Weil der Humor seit über drei Jahrzehnten ein wichtiger Be­standteil von Gwildis’ Bühnenauftritten ist, hat er sich auch bei Storms Werk auf die Suche nach Humor begeben. Und siehe da: Gwildis wurde fündig. Ohne der eher unheimlichen Atmosphäre des Originals zu entsagen, ohne dessen literarischem Anspruch den nötigen Respekt zu versagen, ringt Gwildis der Geschichte durch das nordische Naturell seiner Art zu reden, zu fabulieren und dem Alltag knurrig zu begegnen, komische Facetten ab. 

„Ich glaube, Hauke Haien wäre heute ein Visionär, der sich uneigennützig für die Gesellschaft aufreibt“, erklärt Gwildis, „so wie er damals Land für die Gemeinschaft gewonnen hat. Mit seinen Visionen durch das Studium des Euklid hatte er ein ganz eigenes Ding am Laufen. Das wäre auch mein Rat an die heutige Jugend: Haltet den Ball mal flach, lasst das Handy und den Fernseher aus, legt euch einfach mal auf die Wiese und kratzt euch am Arsch. Dann guckt, was ihr für Ideen habt – das ist interessant.“

Umrahmt wird der Text durch Intermezzi von Tobias Neumann am Klavier und dem Cellisten Hagen Kuhr. Dafür hat Gwildis eigens „Haukes Walzer“ komponiert. „Ich fand die Frage entscheidend, welche Musik den Text unterstützen kann. Es musste etwas sein, das immer wiederkehrt wie Ebbe und Flut und die Jahreszeiten“, erklärt er.

Ein Walzer für eine Schauergeschichte? Es gehe, erläutert Gwildis, um den Rhythmus der Natur, jenen ewigen Rundtanz. Daher musste es ein Walzerthema sein, das diese bildhafte Sprache filmisch untermalt – mal dramatisch, mal romantisch, je nach Stimmung. Hagen Kuhr und Tobias Neumann haben das ge­konnt für Cello und Klavier arrangiert. Dadurch bekommt die Lesung einen sehr konzertanten Charakter.

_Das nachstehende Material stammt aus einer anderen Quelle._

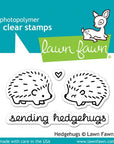 Lawn Fawn - Clear Stamps - Hedgehugs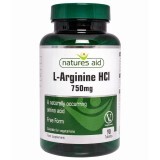 L-Arginine 750 mg, 90 comprimate, Natures Aid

Lesungen finden jeweils um 19 Uhr statt im Landgasthof zur Post in Wacken (13.10.), im Plöner Schloss (14.10.), im Schleswiger „Heimat – Raum für Unterhaltung“ (15.10.), im Messe-Center Husum (21.10.), im Forum von Norderstedt (26.10.), im Güterbahnhof Kiel (27.10.), im Alten Stahlwerk von Neumünster (10.11.), in der Stadthalle Eckernförde (16.11.) sowie um 20 Uhr im Colosseum Wilster (18.11.). Die CD zur Tour ist bei Fortunator (ISBN: 4893223190513) er­schienen.